(Data records)
== == ==
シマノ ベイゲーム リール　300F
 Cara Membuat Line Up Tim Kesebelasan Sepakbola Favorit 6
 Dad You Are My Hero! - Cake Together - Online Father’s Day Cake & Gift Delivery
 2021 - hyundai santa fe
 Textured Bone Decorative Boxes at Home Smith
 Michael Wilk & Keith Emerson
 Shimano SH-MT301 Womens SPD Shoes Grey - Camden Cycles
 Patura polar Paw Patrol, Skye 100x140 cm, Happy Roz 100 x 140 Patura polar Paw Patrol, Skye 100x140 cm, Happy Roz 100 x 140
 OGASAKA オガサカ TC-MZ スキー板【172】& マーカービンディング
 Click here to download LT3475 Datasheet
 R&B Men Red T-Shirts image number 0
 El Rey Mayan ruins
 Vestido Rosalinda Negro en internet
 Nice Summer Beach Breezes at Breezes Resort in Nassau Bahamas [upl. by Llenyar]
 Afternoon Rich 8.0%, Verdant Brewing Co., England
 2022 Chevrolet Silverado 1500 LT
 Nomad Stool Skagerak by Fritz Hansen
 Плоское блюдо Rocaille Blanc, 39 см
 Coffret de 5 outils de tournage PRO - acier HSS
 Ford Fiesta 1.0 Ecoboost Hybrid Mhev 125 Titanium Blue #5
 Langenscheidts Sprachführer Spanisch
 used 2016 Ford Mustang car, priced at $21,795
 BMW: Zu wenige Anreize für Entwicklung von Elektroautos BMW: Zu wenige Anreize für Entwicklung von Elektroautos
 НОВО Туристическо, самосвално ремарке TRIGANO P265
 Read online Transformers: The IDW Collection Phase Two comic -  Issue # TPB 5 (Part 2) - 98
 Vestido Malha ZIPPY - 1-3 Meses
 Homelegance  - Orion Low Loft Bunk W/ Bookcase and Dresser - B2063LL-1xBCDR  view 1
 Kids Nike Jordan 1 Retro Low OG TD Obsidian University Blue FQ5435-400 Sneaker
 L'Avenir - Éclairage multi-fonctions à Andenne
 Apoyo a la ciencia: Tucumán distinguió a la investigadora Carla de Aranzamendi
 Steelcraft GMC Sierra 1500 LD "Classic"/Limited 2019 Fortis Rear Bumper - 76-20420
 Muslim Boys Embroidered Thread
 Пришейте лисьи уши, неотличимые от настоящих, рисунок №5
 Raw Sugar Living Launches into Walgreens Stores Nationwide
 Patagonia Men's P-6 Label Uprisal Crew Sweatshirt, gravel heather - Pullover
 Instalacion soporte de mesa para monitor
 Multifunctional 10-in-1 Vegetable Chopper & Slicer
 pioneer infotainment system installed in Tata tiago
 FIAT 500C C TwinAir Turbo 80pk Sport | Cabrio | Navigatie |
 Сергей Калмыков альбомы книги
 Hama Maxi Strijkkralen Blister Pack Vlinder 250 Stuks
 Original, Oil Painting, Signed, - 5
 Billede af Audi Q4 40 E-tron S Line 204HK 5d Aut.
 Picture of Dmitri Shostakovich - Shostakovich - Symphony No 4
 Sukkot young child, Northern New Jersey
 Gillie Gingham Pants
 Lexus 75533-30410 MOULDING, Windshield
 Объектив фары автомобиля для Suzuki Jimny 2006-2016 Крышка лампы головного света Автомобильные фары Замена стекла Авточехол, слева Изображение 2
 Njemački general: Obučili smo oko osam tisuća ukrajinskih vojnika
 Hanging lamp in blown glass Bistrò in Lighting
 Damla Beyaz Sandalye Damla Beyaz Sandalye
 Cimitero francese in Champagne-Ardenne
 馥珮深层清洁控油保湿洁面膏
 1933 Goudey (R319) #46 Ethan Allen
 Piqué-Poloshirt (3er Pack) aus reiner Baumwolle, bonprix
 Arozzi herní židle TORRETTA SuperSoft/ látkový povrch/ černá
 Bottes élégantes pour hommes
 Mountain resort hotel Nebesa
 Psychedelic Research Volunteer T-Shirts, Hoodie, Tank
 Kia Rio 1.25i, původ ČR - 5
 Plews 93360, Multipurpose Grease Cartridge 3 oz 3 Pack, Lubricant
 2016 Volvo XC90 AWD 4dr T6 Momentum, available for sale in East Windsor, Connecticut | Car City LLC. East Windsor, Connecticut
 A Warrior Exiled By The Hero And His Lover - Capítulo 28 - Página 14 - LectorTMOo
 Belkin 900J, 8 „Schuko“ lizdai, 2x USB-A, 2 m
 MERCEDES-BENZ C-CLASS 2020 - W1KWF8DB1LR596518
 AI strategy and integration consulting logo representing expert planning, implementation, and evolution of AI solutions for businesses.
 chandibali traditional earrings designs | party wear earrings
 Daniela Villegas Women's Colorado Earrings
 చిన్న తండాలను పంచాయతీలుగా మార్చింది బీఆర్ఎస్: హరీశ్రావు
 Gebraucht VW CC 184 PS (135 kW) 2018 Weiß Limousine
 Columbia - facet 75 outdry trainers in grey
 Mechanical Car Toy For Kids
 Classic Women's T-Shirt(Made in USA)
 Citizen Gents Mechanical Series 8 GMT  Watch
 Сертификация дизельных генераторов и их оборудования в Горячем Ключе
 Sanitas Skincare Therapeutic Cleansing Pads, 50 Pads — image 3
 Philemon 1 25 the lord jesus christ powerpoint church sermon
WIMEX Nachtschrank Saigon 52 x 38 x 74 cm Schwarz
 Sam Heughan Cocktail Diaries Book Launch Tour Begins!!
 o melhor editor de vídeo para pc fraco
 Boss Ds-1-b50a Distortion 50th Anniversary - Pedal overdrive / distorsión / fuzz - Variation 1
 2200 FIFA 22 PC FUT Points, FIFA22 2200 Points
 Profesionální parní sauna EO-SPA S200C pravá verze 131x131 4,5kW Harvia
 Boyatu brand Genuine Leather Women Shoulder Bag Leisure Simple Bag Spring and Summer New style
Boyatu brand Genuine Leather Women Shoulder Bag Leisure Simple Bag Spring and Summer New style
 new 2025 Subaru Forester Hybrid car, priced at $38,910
== == ==
◆ **EXERCISE DETAILS**: Find the word "Hybrid" in the records and pull out each line that has it.

◆ **SOLVED PROBLEM**:
 Ford Fiesta 1.0 Ecoboost Hybrid Mhev 125 Titanium Blue #5
 new 2025 Subaru Forester Hybrid car, priced at $38,910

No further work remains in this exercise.